Drive #1: 00101010 (Data)

Drive #2: 10001110 (Data)

Drive #3: --Dead-- (Data)

Drive #4: 10110101 (Data)

Drive #5: 11110111 (Hot Spare)

Drive #6: 11100110 (Parity)

At this point the failed drive has to be replaced with a working one of the same size. Depending on the implementation, the new drive becomes a new hot spare, and the old hot spare drive continues to act as a data drive of the array, or (as illustrated below) the original hot spare's contents are automatically copied to the new drive by the array controller, allowing the original hot spare to return to its original purpose. The resulting array is identical to its pre-failure state:

Drive #1: 00101010 (Data)

Drive #2: 10001110 (Data)

Drive #3: 11110111 (Data)

Drive #4: 10110101 (Data)

Drive #5: -------- (Hot Spare)

Drive #6: 11100110 (Parity)

This same basic XOR principle applies to parity within RAID groups regardless of capacity or number of drives. As long as there are enough drives present to allow for an XOR calculation to take place, parity can be used to recover data from any single drive failure. (A minimum of three drives must be present in order for parity to be used for fault tolerance, because the XOR operator requires two operands, and a place to store the result).

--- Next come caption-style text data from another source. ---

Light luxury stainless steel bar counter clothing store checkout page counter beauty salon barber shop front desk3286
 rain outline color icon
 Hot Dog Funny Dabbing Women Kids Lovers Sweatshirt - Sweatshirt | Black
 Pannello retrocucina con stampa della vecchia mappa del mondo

Mirroring versus parity RAID levels in relational databases

A common opinion (and one which serves to illustrate the dynamics of proper RAID deployment) is that RAID 10 (a non-parity, mirrored RAID) is inherently better for relational databases than RAID 5, because RAID 5 requires the recalculation and redistribution of parity data on a per-write basis.^[13]

There are, however, other considerations which must be taken into account other than simply those regarding performance. RAID 5 and other non-mirror-based arrays offer a lower degree of resiliency than RAID 10 by virtue of RAID 10's mirroring strategy. In a RAID 10, I/O can continue even in spite of multiple drive failures. By comparison, in a RAID 5 array, any failure involving more than one drive renders the array itself unusable by virtue of parity recalculation being impossible to perform. Thus, RAID 10 is frequently favored because it provides the lowest level of risk.^[14]

Modern SAN design largely masks any performance hit while a RAID is in a degraded state, by virtue of being able to perform rebuild operations both in-band or out-of-band with respect to existing I/O traffic. Given the rare nature of drive failures in general, and the exceedingly low probability of multiple concurrent drive failures occurring within the same RAID, the choice of RAID 5 over RAID 10 often comes down to the preference of the storage administrator, particularly when weighed against other factors such as cost, throughput requirements, and physical spindle availability.

Basic concepts used by RAID systems

RAID uses a few basic ideas, which were described in the article "RAID: High-Performance, Reliable Secondary Storage" by Peter Chen and others, published in 1994.^[2]

Caching

Caching is a technology that also has its uses in RAID systems. There are different kinds of caches that are used in RAID systems:

Operating system
RAID controller
Enterprise disk array

In modern systems, a write request is shown as done when the data has been written to the cache. This does not mean that the data has been written to the disk. Requests from the cache are not necessarily handled in the same order than they were written to the cache. This makes it possible that, if the system fails, sometimes some data has not been written to the disk involved. For this reason, many systems have a cache that is backed by a battery.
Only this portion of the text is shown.